━━━━━ Data to examine ━━━━━

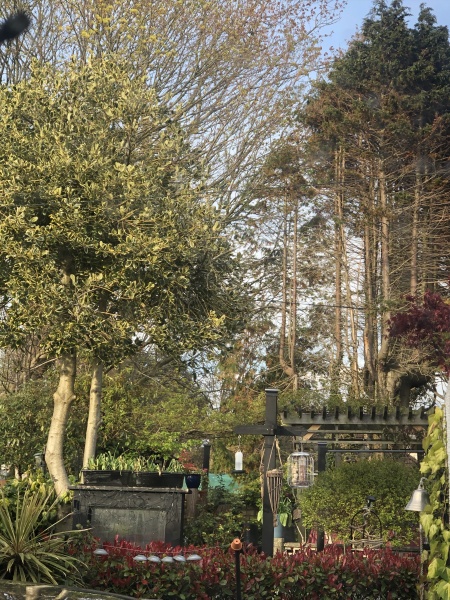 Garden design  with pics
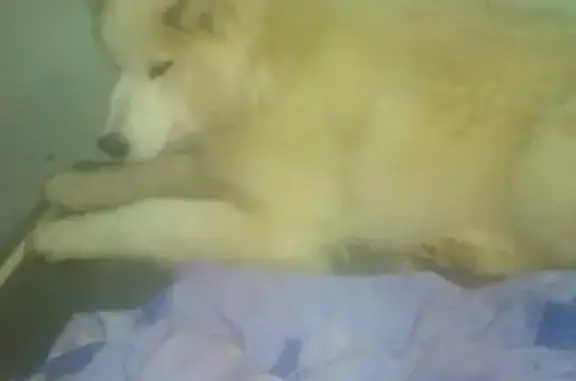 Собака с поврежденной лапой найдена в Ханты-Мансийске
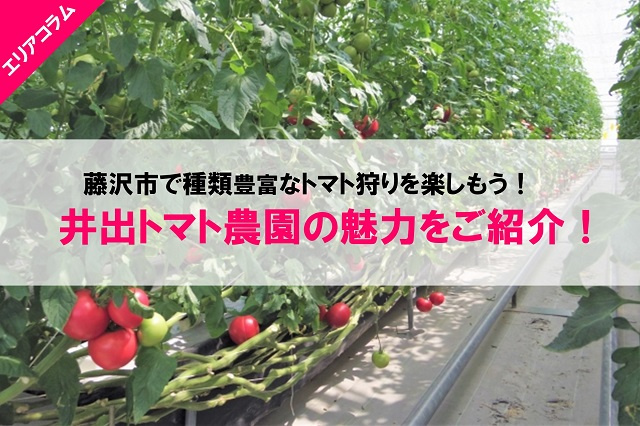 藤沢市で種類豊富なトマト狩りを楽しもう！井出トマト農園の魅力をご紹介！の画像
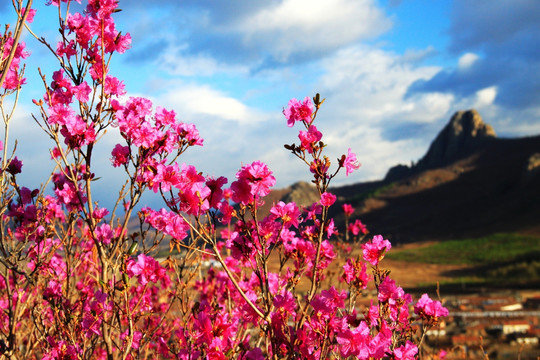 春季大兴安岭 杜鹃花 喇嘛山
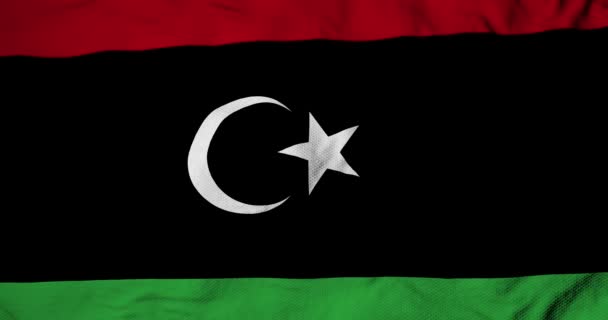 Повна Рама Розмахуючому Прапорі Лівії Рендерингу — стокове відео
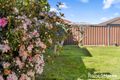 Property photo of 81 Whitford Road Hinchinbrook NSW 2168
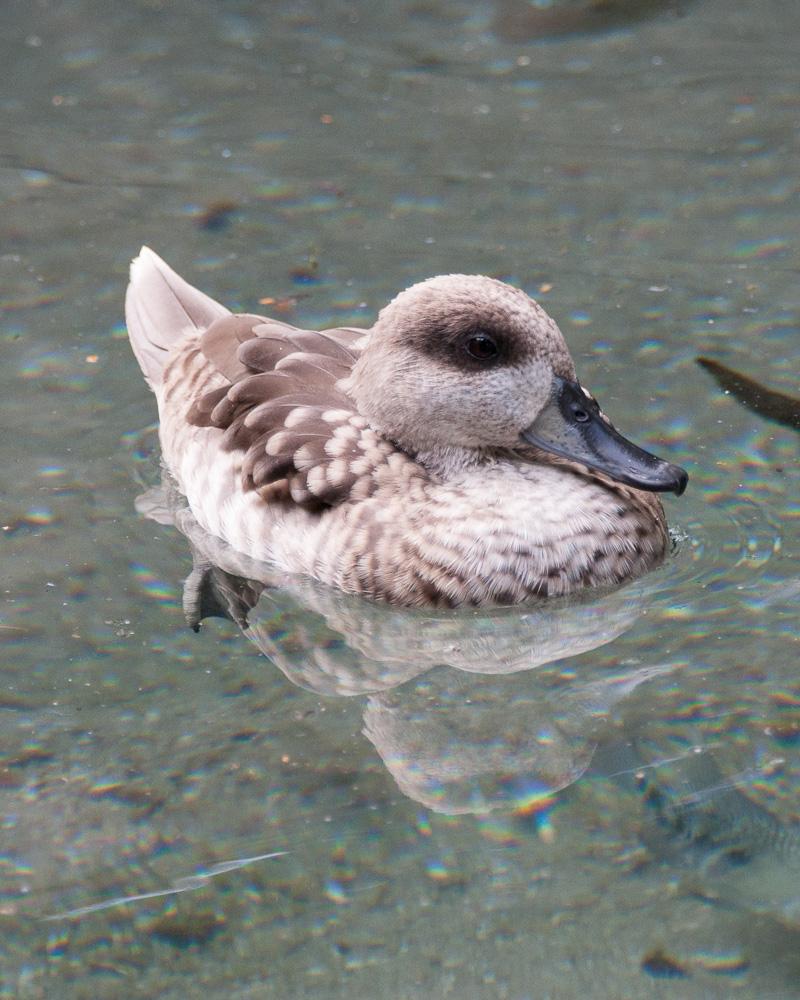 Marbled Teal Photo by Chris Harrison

━━━━━
━━━━━ Data to examine ━━━━━

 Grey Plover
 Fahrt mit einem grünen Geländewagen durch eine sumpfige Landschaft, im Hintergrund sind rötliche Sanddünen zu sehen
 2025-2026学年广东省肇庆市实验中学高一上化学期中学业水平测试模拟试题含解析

━━━━━
━━━━━ Data to examine ━━━━━

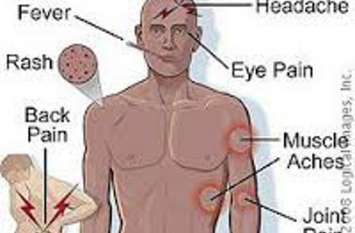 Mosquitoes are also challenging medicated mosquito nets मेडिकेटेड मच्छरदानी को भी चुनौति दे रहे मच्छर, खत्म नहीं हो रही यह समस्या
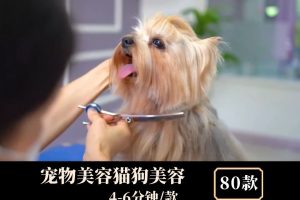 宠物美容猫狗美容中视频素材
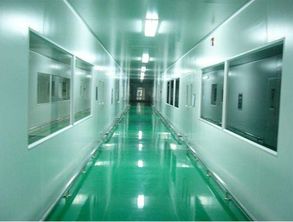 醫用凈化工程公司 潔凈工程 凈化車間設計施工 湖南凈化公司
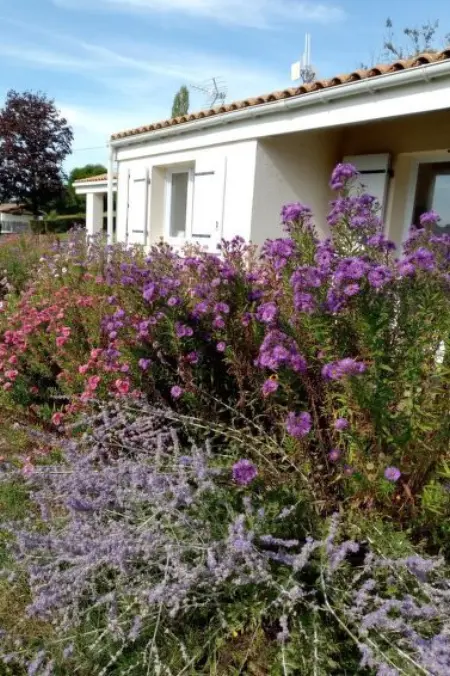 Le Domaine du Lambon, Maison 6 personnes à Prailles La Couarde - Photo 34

━━━━━

## Exercise directions
Would you transcribe the lines above exactly, going from the line bearing "Property photo of" through the line bearing "Marbled Teal Photo by Chris Harrison", and drop the pictures from the copy?

## Answer for the task
 Property photo of 81 Whitford Road Hinchinbrook NSW 2168
 Marbled Teal Photo by Chris Harrison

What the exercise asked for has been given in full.